╭─ Input data

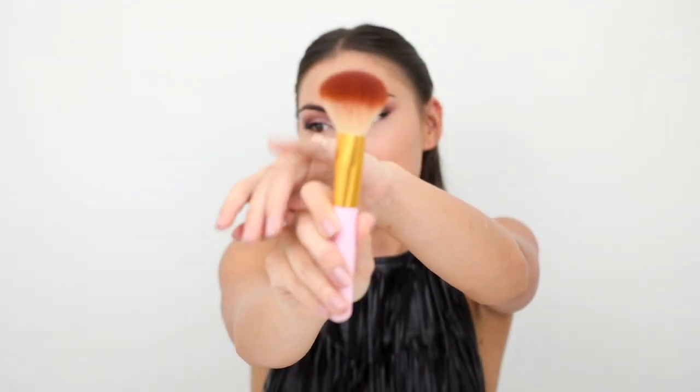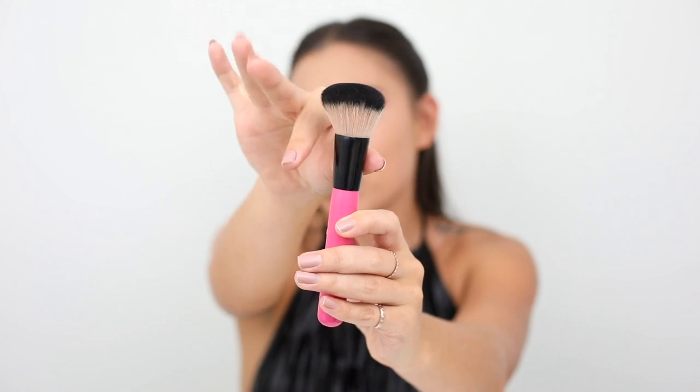The next thing I want to talk about are your application tools for applying your bronzer. If you look at this brush here, it's really nice and big and fluffy — you can see it's got a nice fluff to it. This other brush is also kind of big, but it's a bit more stiff in the bristles, so it's more dense. Brushes that are more dense are going to give you a more intense pigmentation, whereas a fluffier brush is going to apply your product a lot more sheer and airy. Makeup isn't math, it's art, so feel free to do what you prefer. Personally, when applying bronzers, I like to use the denser brush because I like to start my shaping process from the very beginning.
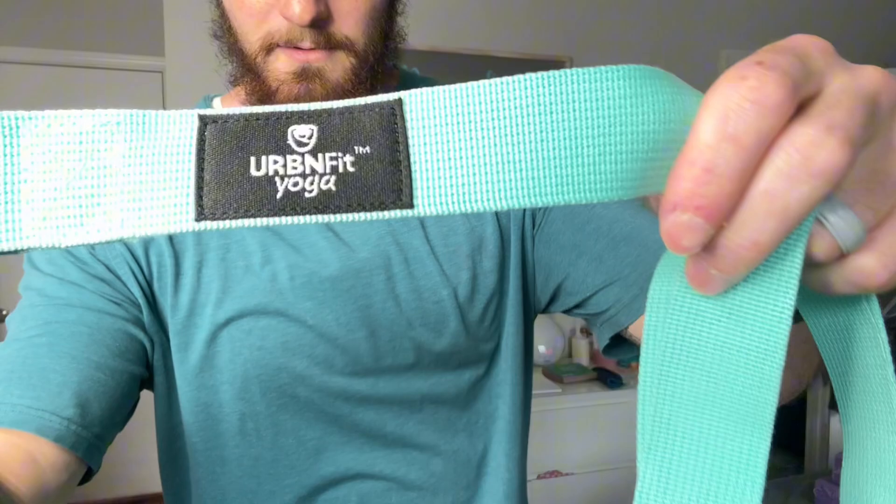Has the logo right there as well, but very nice color, great blocks, great yoga strap. Highly, highly recommend. Go ahead and get yours now.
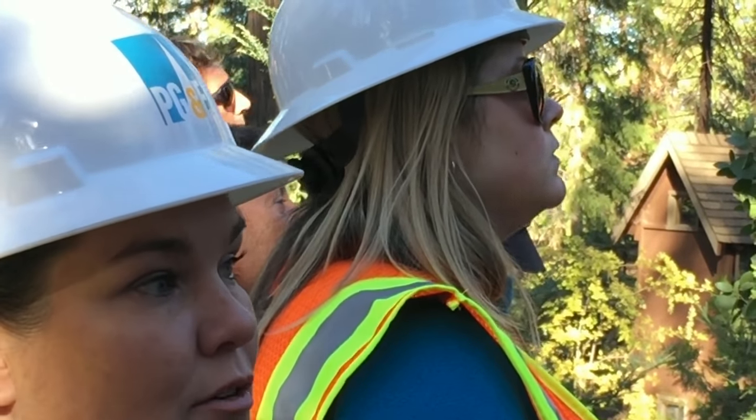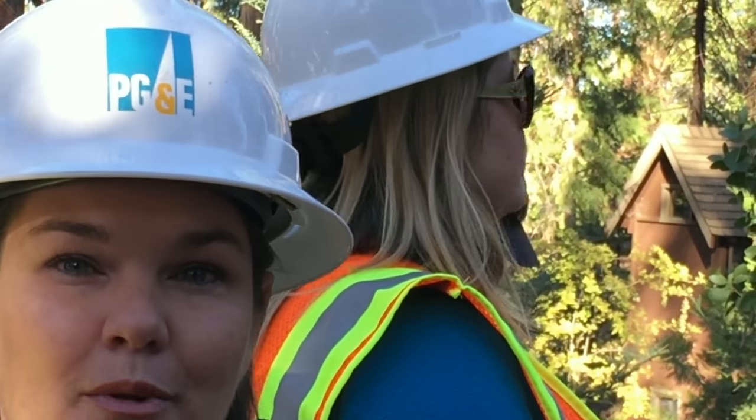Our goal is to get these trees down before any winter storm hits. We'd love to see snow, but we'd like to get as much work done beforehand.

╰─

Give the listing again exactly, excluding pictures.

The next thing I want to talk about are your application tools for applying your bronzer. If you look at this brush here, it's really nice and big and fluffy — you can see it's got a nice fluff to it. This other brush is also kind of big, but it's a bit more stiff in the bristles, so it's more dense. Brushes that are more dense are going to give you a more intense pigmentation, whereas a fluffier brush is going to apply your product a lot more sheer and airy. Makeup isn't math, it's art, so feel free to do what you prefer. Personally, when applying bronzers, I like to use the denser brush because I like to start my shaping process from the very beginning.
Has the logo right there as well, but very nice color, great blocks, great yoga strap. Highly, highly recommend. Go ahead and get yours now.
Our goal is to get these trees down before any winter storm hits. We'd love to see snow, but we'd like to get as much work done beforehand.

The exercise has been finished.